◆ Exercise details
Transcribe the data verbatim and drop its images.
==== Data shown
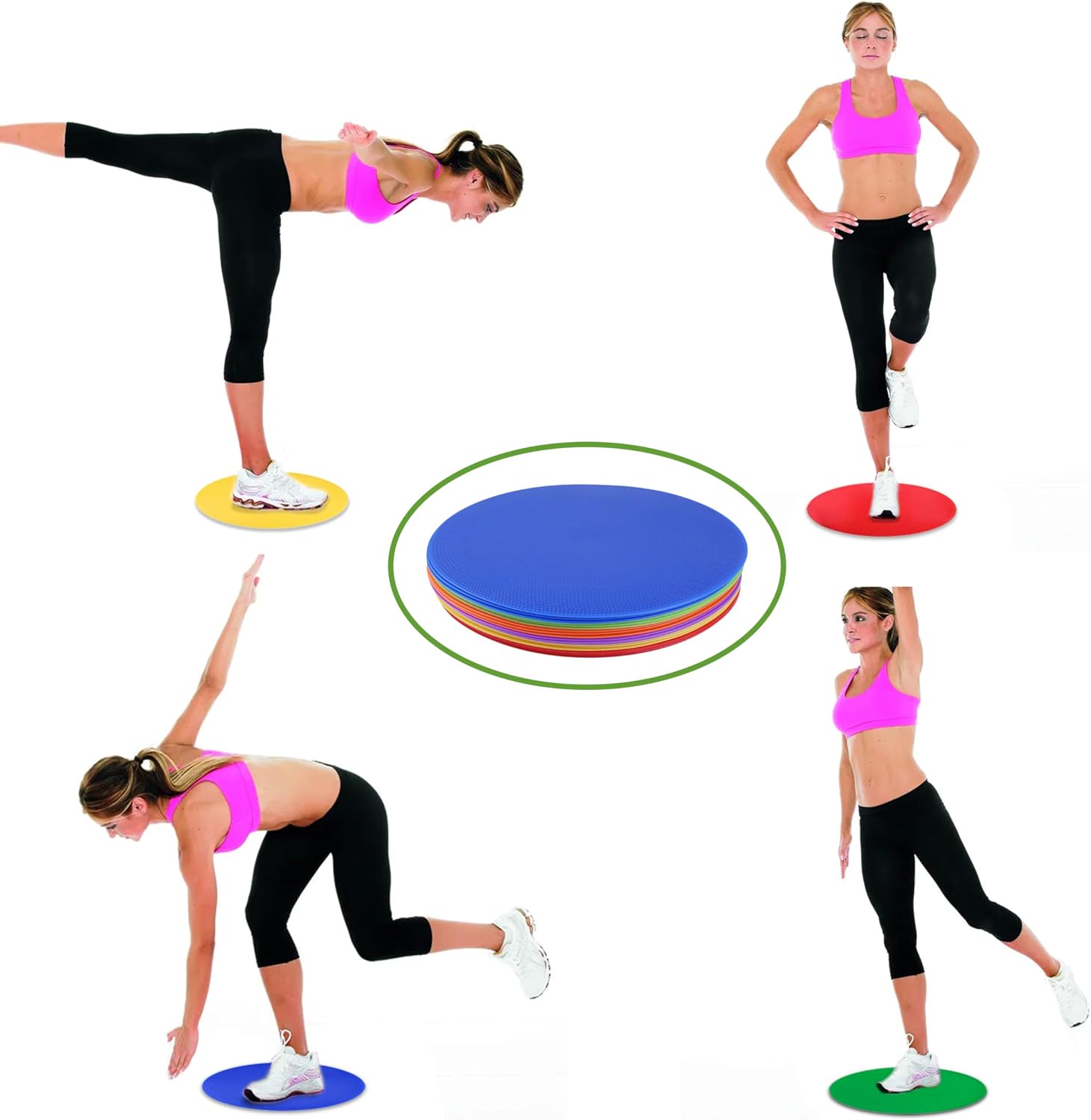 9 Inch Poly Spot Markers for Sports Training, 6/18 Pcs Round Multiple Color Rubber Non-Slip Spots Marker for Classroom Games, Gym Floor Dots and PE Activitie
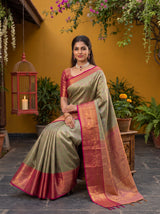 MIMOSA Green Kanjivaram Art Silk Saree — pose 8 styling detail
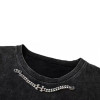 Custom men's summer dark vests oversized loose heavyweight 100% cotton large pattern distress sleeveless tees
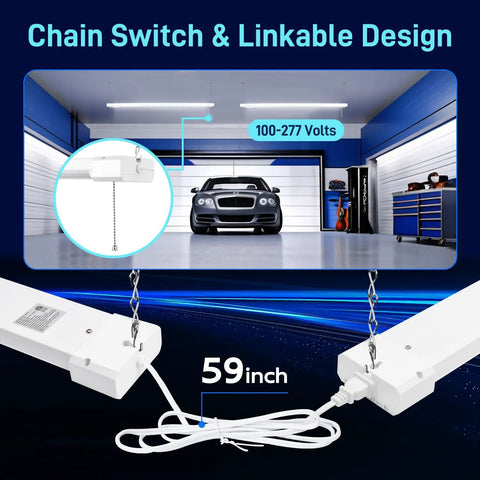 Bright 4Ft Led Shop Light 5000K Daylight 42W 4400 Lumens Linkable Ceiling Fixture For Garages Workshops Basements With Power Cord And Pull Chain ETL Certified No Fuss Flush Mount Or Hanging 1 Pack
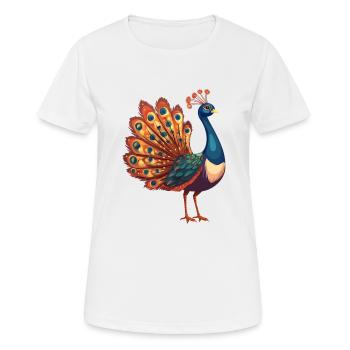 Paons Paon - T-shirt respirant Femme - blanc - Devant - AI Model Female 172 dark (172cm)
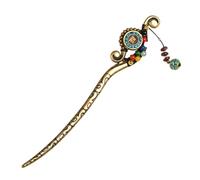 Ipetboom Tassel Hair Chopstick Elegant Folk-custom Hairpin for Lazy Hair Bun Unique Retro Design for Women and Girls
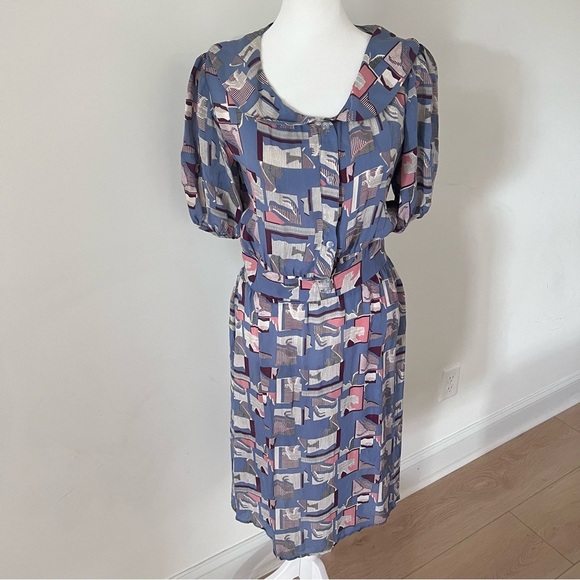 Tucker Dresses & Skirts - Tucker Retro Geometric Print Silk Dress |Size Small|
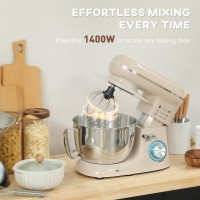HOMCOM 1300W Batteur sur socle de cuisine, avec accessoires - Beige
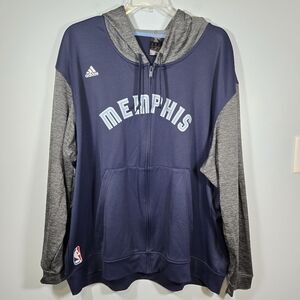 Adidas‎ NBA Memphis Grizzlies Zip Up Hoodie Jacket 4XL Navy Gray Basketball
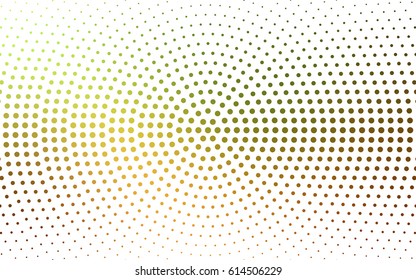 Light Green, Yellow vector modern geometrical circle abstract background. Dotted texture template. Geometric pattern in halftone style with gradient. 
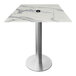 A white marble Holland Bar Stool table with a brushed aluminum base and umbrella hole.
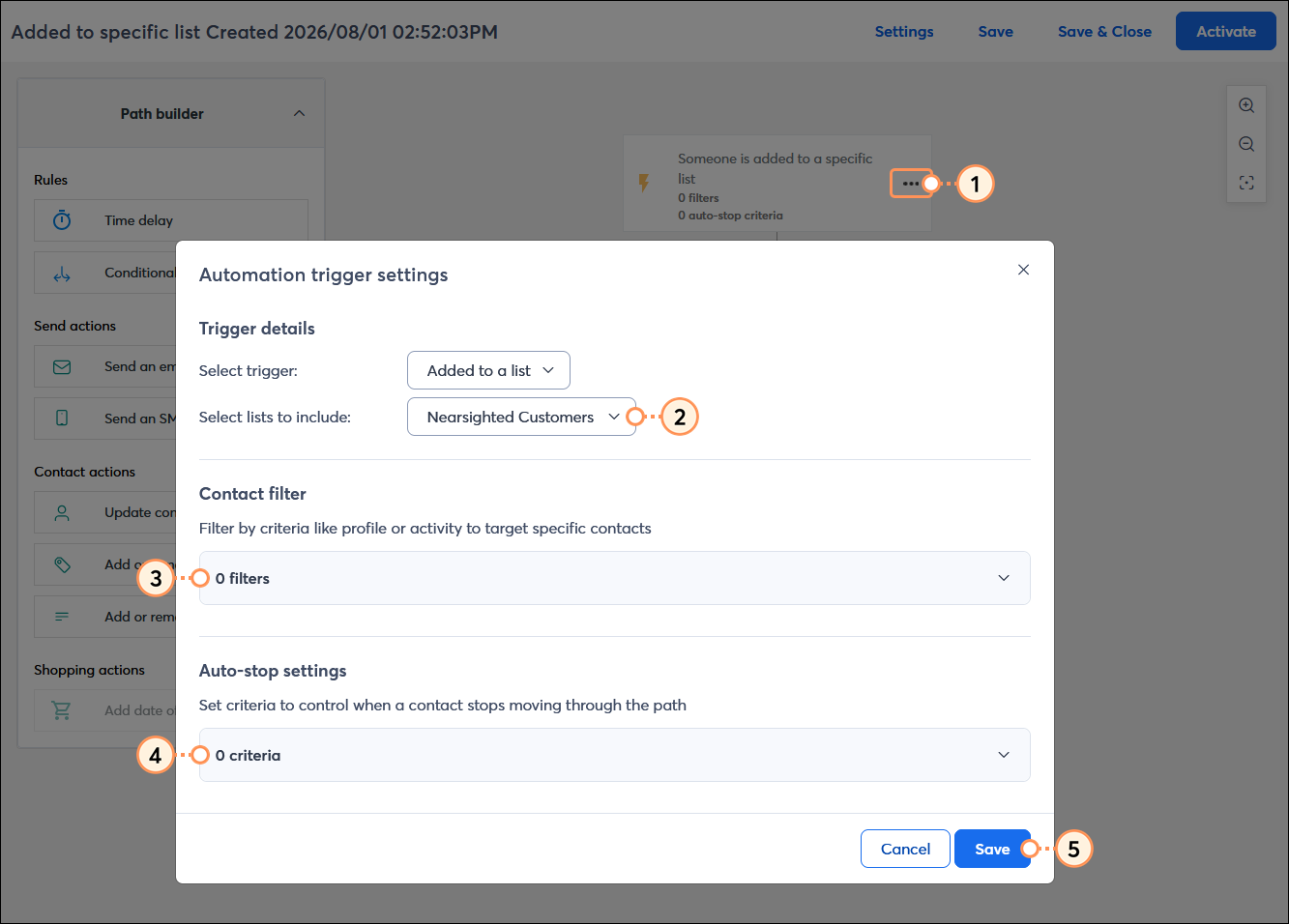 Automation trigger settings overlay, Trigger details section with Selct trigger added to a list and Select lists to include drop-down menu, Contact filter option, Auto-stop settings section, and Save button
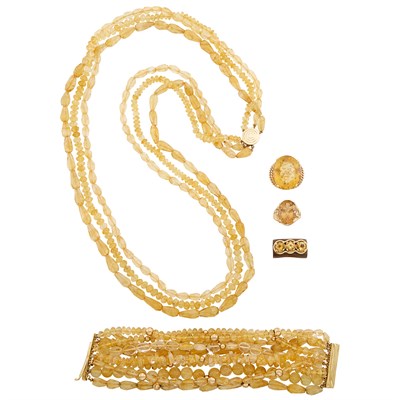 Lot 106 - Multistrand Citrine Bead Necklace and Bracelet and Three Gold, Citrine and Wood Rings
========
◆ Your response
 9 Inch Poly Spot Markers for Sports Training, 6/18 Pcs Round Multiple Color Rubber Non-Slip Spots Marker for Classroom Games, Gym Floor Dots and PE Activitie
 MIMOSA Green Kanjivaram Art Silk Saree — pose 8 styling detail
 Custom men's summer dark vests oversized loose heavyweight 100% cotton large pattern distress sleeveless tees
 Bright 4Ft Led Shop Light 5000K Daylight 42W 4400 Lumens Linkable Ceiling Fixture For Garages Workshops Basements With Power Cord And Pull Chain ETL Certified No Fuss Flush Mount Or Hanging 1 Pack
 Paons Paon - T-shirt respirant Femme - blanc - Devant - AI Model Female 172 dark (172cm)
 Ipetboom Tassel Hair Chopstick Elegant Folk-custom Hairpin for Lazy Hair Bun Unique Retro Design for Women and Girls
 Tucker Dresses & Skirts - Tucker Retro Geometric Print Silk Dress |Size Small|
HOMCOM 1300W Batteur sur socle de cuisine, avec accessoires - Beige
 Adidas‎ NBA Memphis Grizzlies Zip Up Hoodie Jacket 4XL Navy Gray Basketball
 Light Green, Yellow vector modern geometrical circle abstract background. Dotted texture template. Geometric pattern in halftone style with gradient. 
 A white marble Holland Bar Stool table with a brushed aluminum base and umbrella hole.
 Automation trigger settings overlay, Trigger details section with Selct trigger added to a list and Select lists to include drop-down menu, Contact filter option, Auto-stop settings section, and Save button
 Lot 106 - Multistrand Citrine Bead Necklace and Bracelet and Three Gold, Citrine and Wood Rings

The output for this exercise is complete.